Boston Globe — Kerry shows a flair for raising money
It seemed so ambitious at the time: John F. Kerry’s campaign announced a $20-million, 20-city fund-raising tour in early March to prove he could unite Democrats after a competitive primary season and to show up skeptics who thought the Massachusetts Democrat lacked Bill Clinton’s magic touch with donors. In short order, Kerry proved his doubters wrong — combining a yen for fund-raising that surprised some Democrats who had heard that their nominee was aloof, with a drumbeat in his stump speeches that each check, each online contribution, each fund-raiser ticket brought the party ”one step closer to the end of the Bush presidency.”

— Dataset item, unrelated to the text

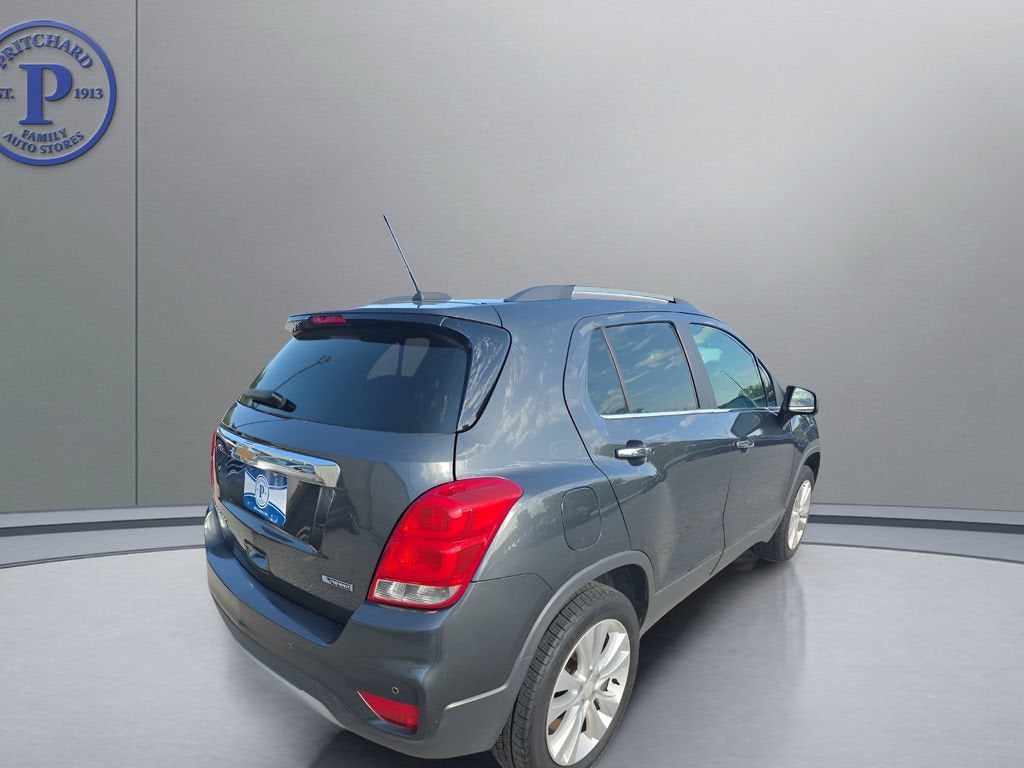 2017 Chevrolet Trax Premier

The campaign shattered record after record during the spring: raising $26 million online in March alone, drawing in some 900,000 ”small-donation supporters” giving $100 or so apiece this spring, and holding cocktail receptions and concerts from New York to New Orleans to Los Angeles where Kerry has whipped up the crowds by announcing that they had set a record for fund-raising events.
Today, the Kerry campaign will announce that it has raised at least $175 million for the run-up to the general election in this presidential cycle, breaking the record that George W. Bush set in 2000 of more than $130 million. His challenger this year has come a long way from those days after the Super Tuesday primaries on March 2, when Jeffrey Birnbaum of The Washington Post predicted on Fox News that Kerry would raise ”a lot of money. . . but nothing like the $170, maybe $200 million in total that the Bush campaign will raise.” (For its part, the Bush campaign is celebrating a tally in excess of $210 million, the new record.)

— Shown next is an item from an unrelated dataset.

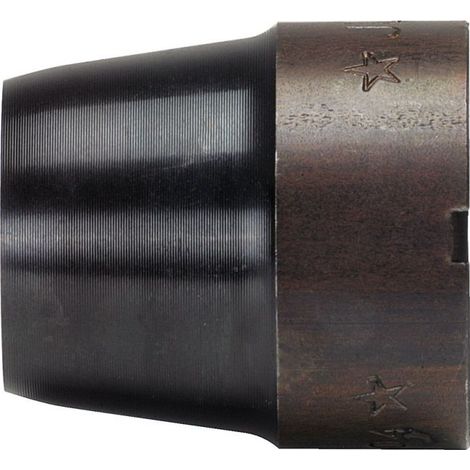 KS Tools Ring-Stanzeisen mit Spanndornaufnahme, Ø 18mm - 129.0118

So, Kerry has set “shattered record after record” by raising 83.3% as much as his opponent? Interesting.
The secret of Kerry’s success is no secret to anyone following his campaign schedule or listening to his exchanges with donors during the spring. As much as Kerry was busy introducing himself to voters nationwide, he also began headlining more and more big-money fund-raisers — to the point where, in Baltimore this past Monday, and in Aspen and Denver a week earlier, the public took a backseat to wine-and-cheese affairs that dominated his itinerary. Some days, Kerry’s cross-country schedules on his luxury 757 were dictated solely by his fund-raising. And the campaign found that donors were not waiting to fall in love with Kerry before writing checks; the Democrats’ ”beat-Bush” message was worth as much gold as Kerry’s political platform.
”People are so upset about the direction of the country under Bush, they’ll do everything they can to stop him,” said Ellen Malcolm, a top Democratic fund-raiser. ”I think even the Kerry campaign’s success is highly motivated by people’s desire to beat Bush. People are still getting to know Kerry, but the emotional energy and stamina for the donations comes from beating Bush.”
Kerry, long known in Massachusetts as a prodigious fund-raiser, also showed through the spring that he was not one of those politicians who moan or is self-deprecating when asking for money. Even before large crowds whose members had already given generously to the campaign and the Democratic Party, Kerry would regularly, and enthusiastically, ask for more.
So, essentially, he’s been a full-time fundraiser despite being on the taxpayer payroll. Why is it surprising that he’s been able to raise a lot of money from rich Democrats during a time of political acrimony and a very tight race?